### [Work to be completed]
Your task is to retype, exactly and only, the lines from the one containing "Snapshot of annathorne" to the final line of the entries, leaving out all pictures.

### [Data to examine]
──────────

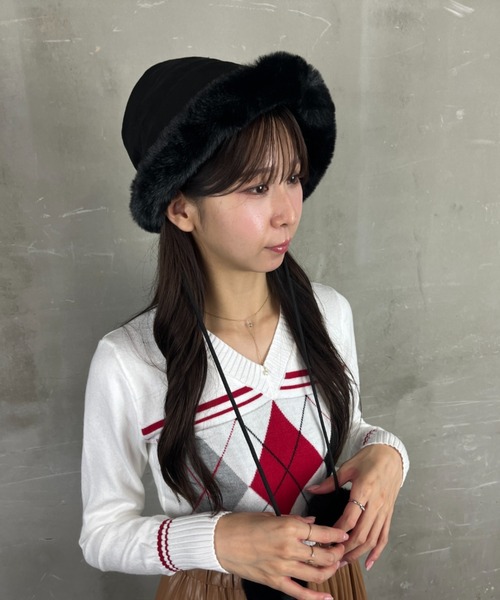 セール】もこもこファーバケハ ぽんぽん紐付き 厚手防寒ボアハット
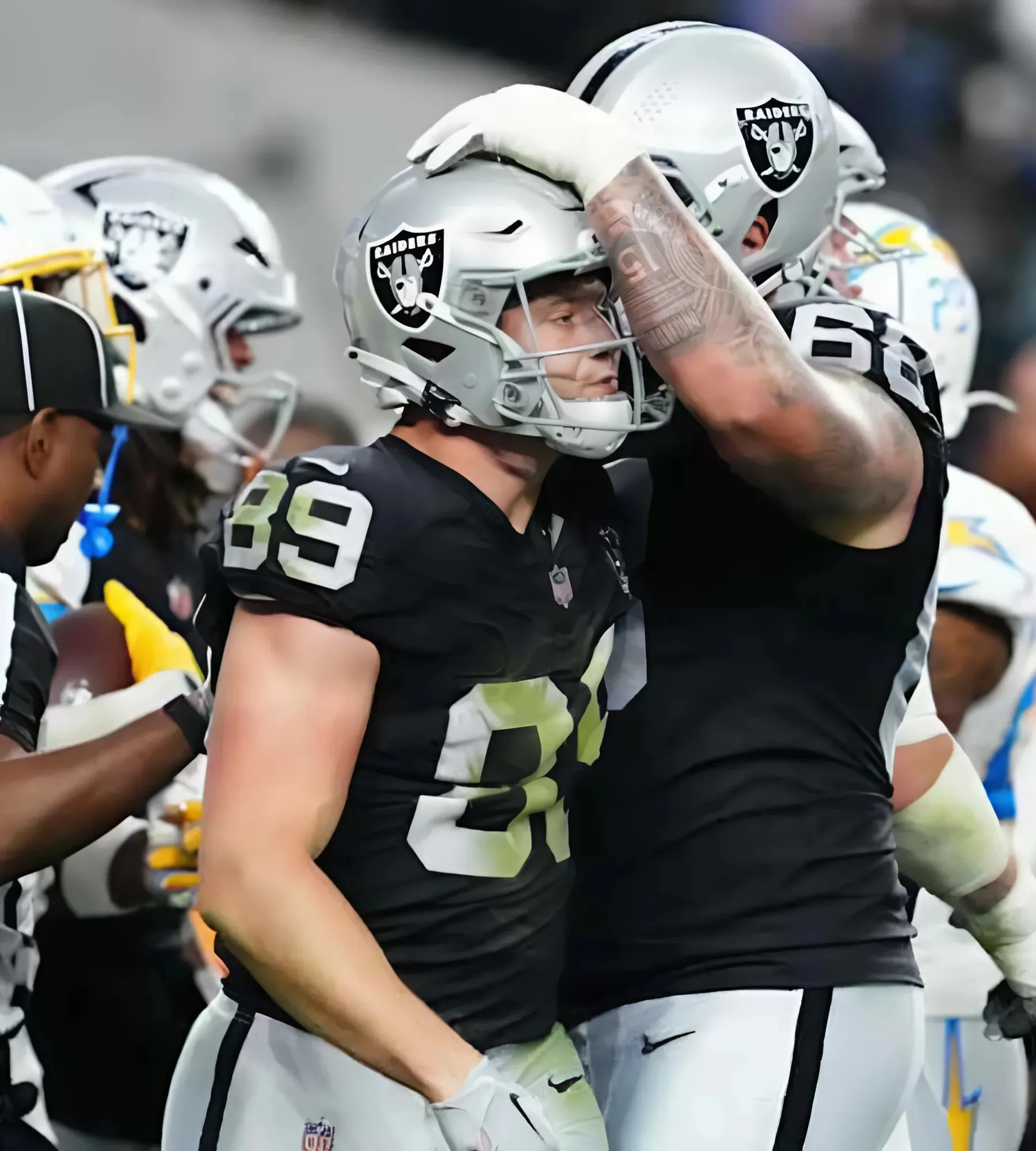 Can Raiders Compete with Stacked AFC West Division in 2025?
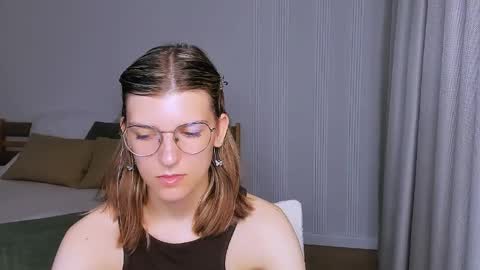 Snapshot of annathorne chatting on May 22, 2026, 4:41 am Im Anna online show from May 22, 2026, 4:41 am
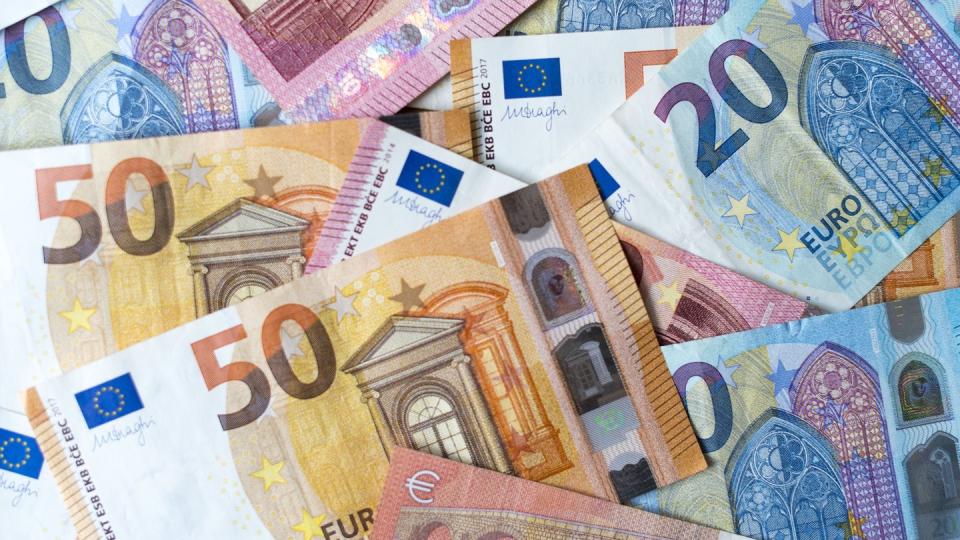 Zahlreiche Banknoten zu 10, 20 und 50 Euro liegen auf einem Tisch.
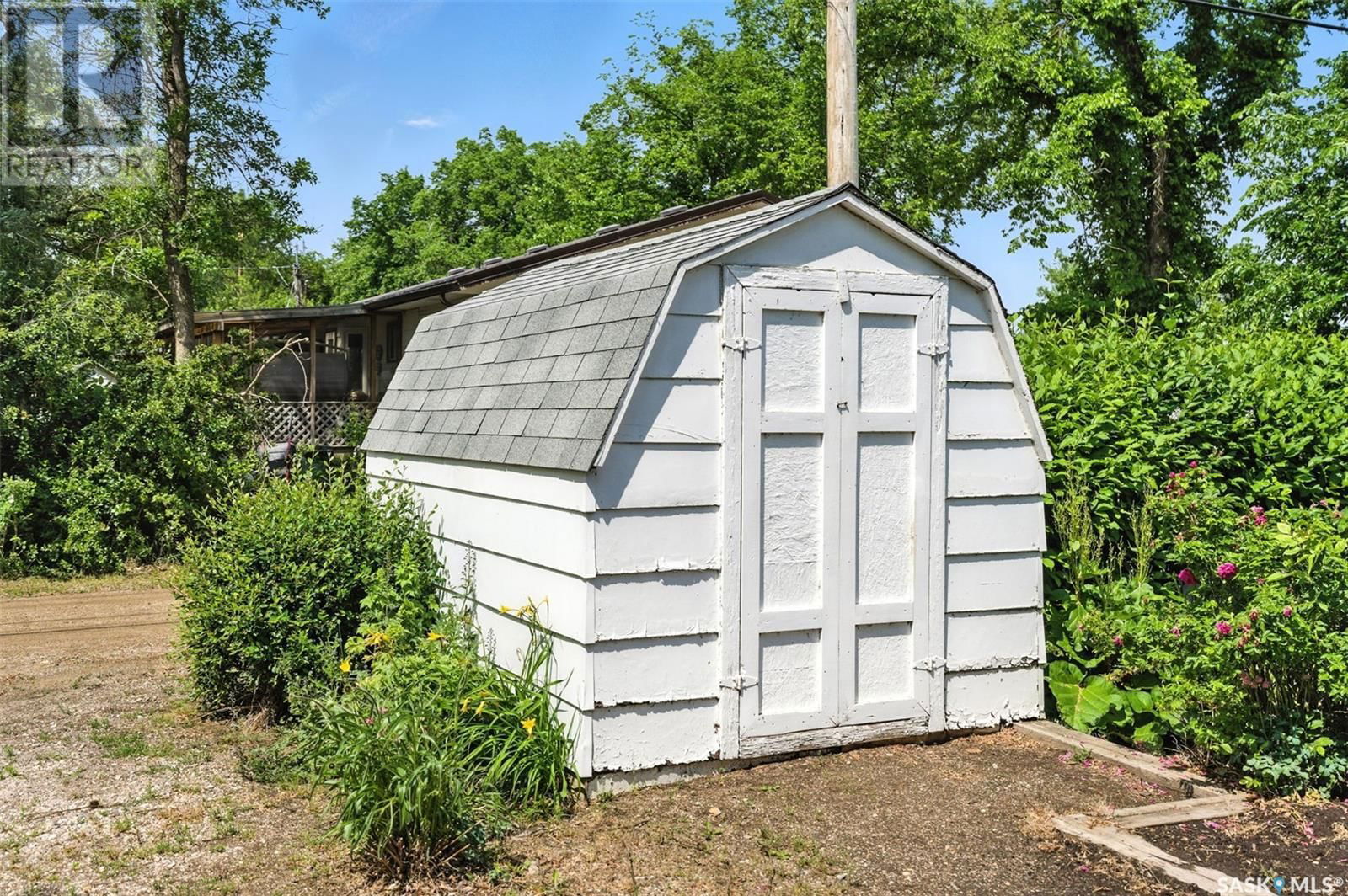 109 RAILWAY AVENUE Image 29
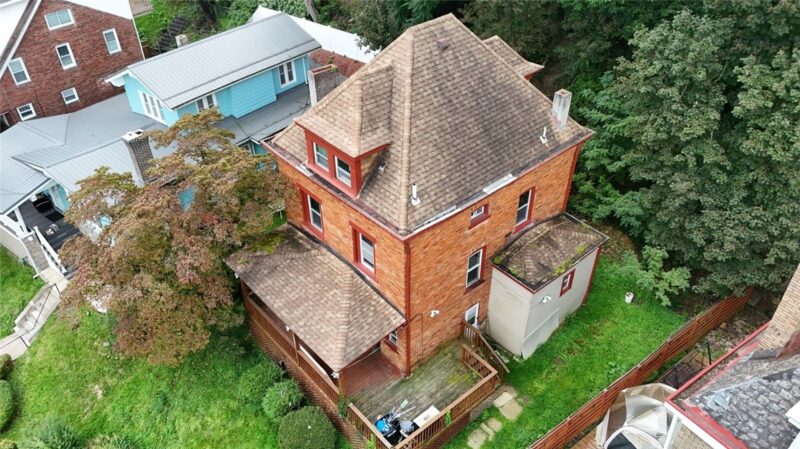 109 Watson — photo 2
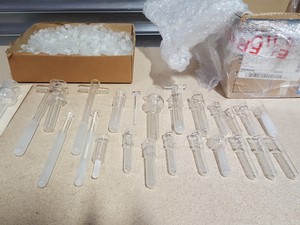 Thumbnail image of Job Lot 150 Glass Test Tubes & Stoppers Glassware Homogenisers Lab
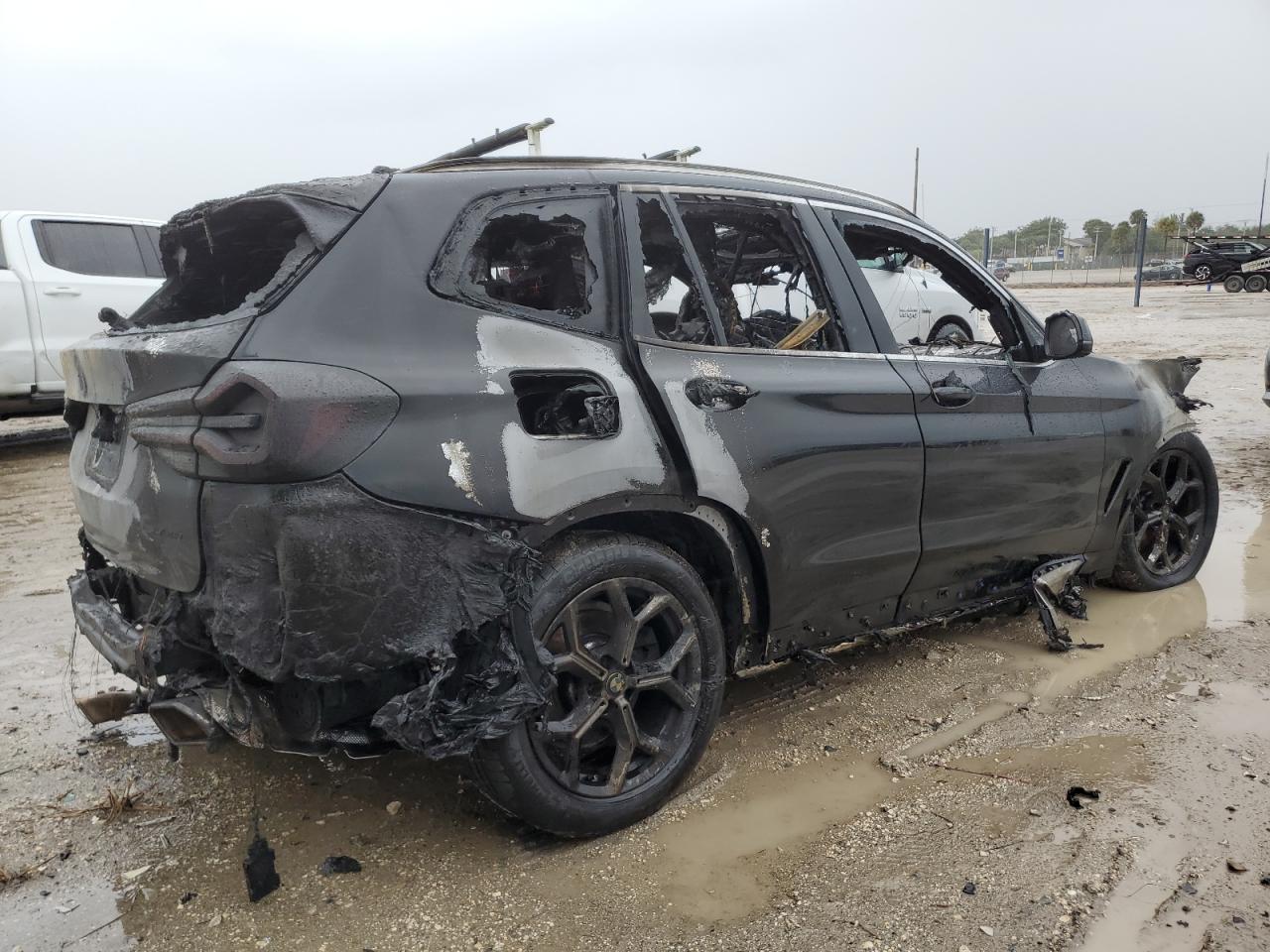 Obraz 3 z 2024 BMW X3 XDRIVE30I 2024 z VIN 5UX53DP00R9U53410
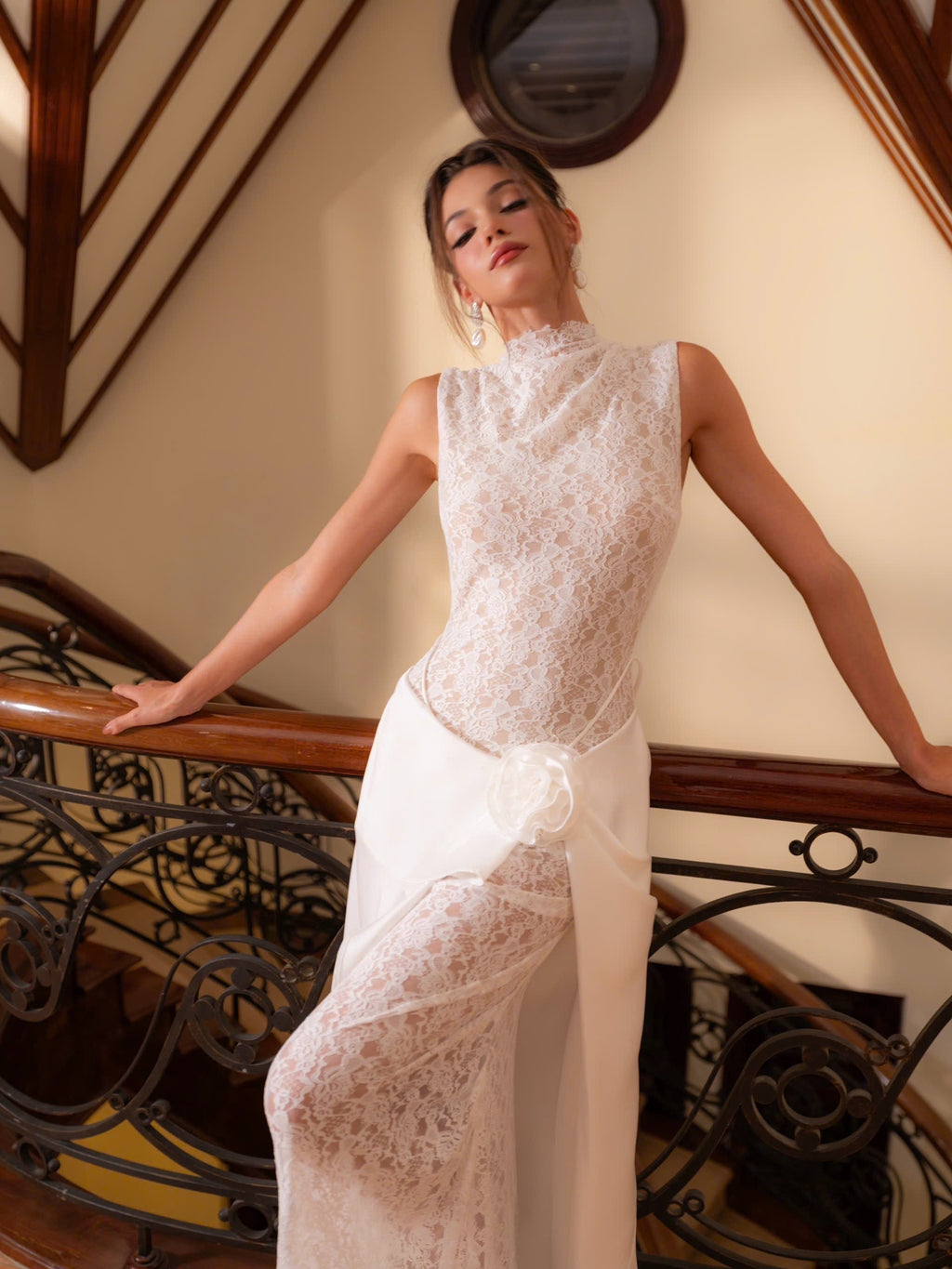 SAMIRA | Drapiertes Maxikleid mit Spitze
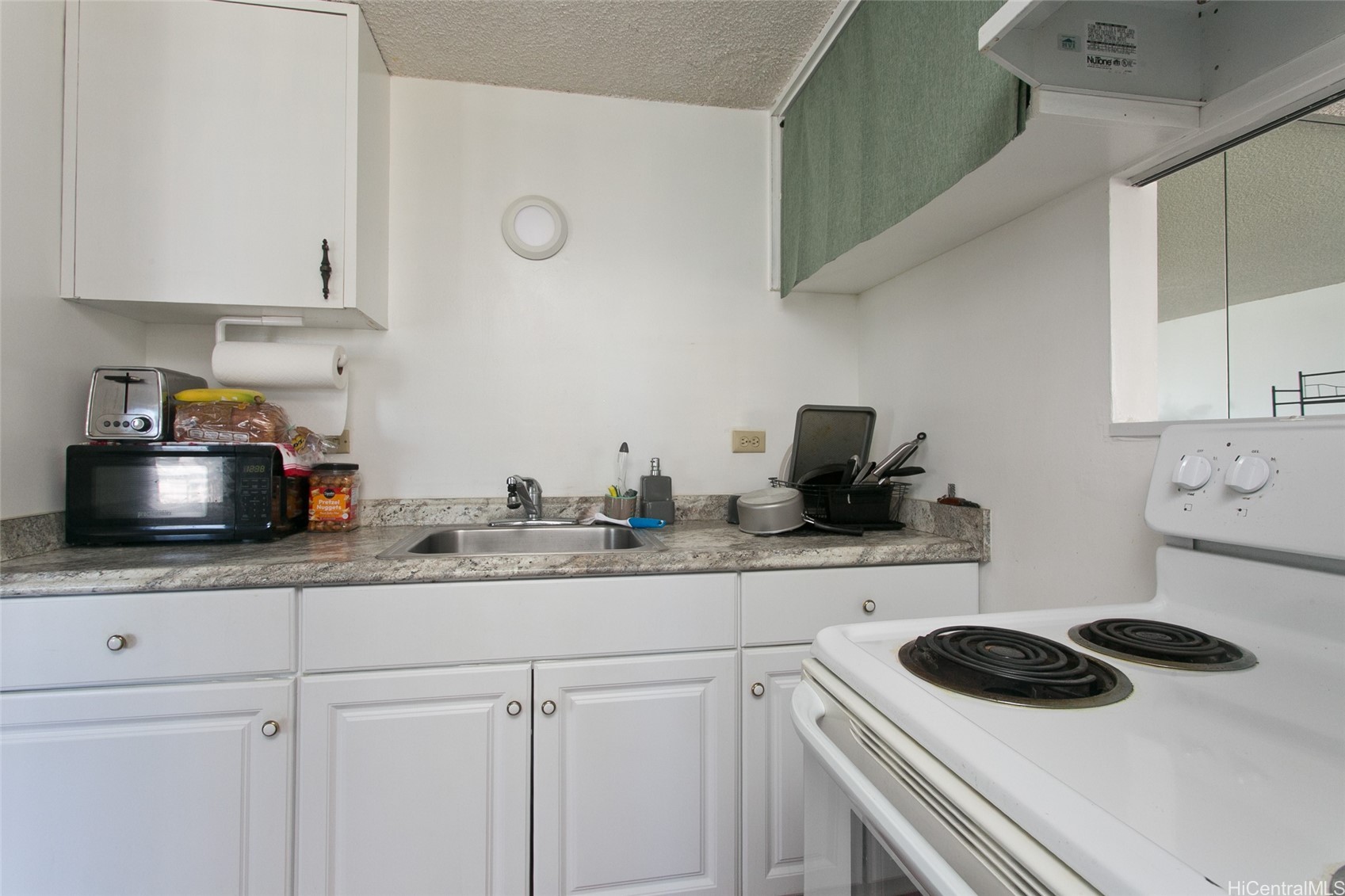 2525 Date Street 1705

──────────

### [Finished task]
 Snapshot of annathorne chatting on May 22, 2026, 4:41 am Im Anna online show from May 22, 2026, 4:41 am
 Zahlreiche Banknoten zu 10, 20 und 50 Euro liegen auf einem Tisch.
 109 RAILWAY AVENUE Image 29
 109 Watson — photo 2
 Thumbnail image of Job Lot 150 Glass Test Tubes & Stoppers Glassware Homogenisers Lab
 Obraz 3 z 2024 BMW X3 XDRIVE30I 2024 z VIN 5UX53DP00R9U53410
 SAMIRA | Drapiertes Maxikleid mit Spitze
 2525 Date Street 1705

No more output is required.